東レは、炭素繊維複合材料(CFRP)からなる航空機模擬構造体の接合時間を、従来の3分の1以下に短縮する高速接合技術を実証したと発表した。
航空機などの分野において、構造部材には熱硬化性CFRPが広く適用されている。近年、小型部品や複雑な形状の部材の需要増加に伴い、高レート生産に好適かつ形状自由度の高い熱可塑性CFRPの適用が広がりつつある。今後は、これら2つの材料を適材適所で組み合わせることで、性能と生産性を両立した機体の開発が期待されている。
一方、熱硬化性CFRPと熱可塑性CFRPの接合で従来用いられてきた接着剤接合やボルトファスナー接合では、接着の信頼性や煩雑な工程が課題となっており、信頼性の高い高速接合技術が求められていた。
東レは、長年蓄積してきたCFRP用の中間基材(プリプレグ)の製造およびCFRP成形加工の知見を活用し、熱硬化性CFRPと熱可塑性CFRPの新規熱溶着接合技術を開発した。

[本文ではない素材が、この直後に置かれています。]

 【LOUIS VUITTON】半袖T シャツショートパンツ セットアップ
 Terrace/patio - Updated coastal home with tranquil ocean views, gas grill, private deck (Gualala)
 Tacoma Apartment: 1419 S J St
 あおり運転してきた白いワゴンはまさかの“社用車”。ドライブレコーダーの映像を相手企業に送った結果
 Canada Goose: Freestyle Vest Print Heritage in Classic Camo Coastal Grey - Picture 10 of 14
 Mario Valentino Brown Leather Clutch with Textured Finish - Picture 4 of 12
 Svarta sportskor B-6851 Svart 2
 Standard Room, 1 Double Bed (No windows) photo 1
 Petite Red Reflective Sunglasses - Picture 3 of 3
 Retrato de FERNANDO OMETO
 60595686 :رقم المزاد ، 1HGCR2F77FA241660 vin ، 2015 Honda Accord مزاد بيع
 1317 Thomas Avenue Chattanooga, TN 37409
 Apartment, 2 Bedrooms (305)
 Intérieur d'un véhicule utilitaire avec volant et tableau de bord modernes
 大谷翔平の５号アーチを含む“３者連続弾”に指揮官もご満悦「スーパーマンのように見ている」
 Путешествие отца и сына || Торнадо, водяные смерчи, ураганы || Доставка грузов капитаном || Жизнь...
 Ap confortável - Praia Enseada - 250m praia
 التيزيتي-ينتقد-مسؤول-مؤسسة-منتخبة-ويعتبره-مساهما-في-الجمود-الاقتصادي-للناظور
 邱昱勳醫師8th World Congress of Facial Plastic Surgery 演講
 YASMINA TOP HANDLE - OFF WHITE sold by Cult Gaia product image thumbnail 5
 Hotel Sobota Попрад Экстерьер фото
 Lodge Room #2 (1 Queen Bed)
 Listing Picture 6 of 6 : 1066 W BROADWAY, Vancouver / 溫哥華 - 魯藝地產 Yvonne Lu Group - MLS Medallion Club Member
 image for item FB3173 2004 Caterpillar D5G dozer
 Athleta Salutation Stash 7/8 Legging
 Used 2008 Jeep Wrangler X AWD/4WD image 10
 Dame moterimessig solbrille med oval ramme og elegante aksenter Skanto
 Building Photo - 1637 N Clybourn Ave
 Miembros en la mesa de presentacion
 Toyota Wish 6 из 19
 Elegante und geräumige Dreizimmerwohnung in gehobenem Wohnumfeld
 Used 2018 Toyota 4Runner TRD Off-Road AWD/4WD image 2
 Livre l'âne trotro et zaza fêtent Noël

この技術により、従来の接着剤接合を上回る接合強度を実現するとともに、航空機模擬構造体の接合時間を、従来の接着剤接合とボルトファスナー接合の3分の1以下に短縮することに成功した。
この技術の適用により、ボルトファスナーの削減に伴う重量低減が可能となり、機体の軽量化に寄与する。今後は、航空機関連メーカーとの連携による社会実装に向けた取り組みを加速していく。
なお、この技術は、新エネルギー・産業技術総合開発機構(NEDO)の助成による「次世代複合材創製・成形技術開発プロジェクト」事業の成果だ。
東レは、「東レグループ サステナビリティ・ビジョン」の中で、事業活動を通じて地球環境問題や資源・エネルギー問題の解決に貢献することを表明している。先端材料・革新技術を生み出し続けることで、カーボンニュートラル社会の実現に貢献していく。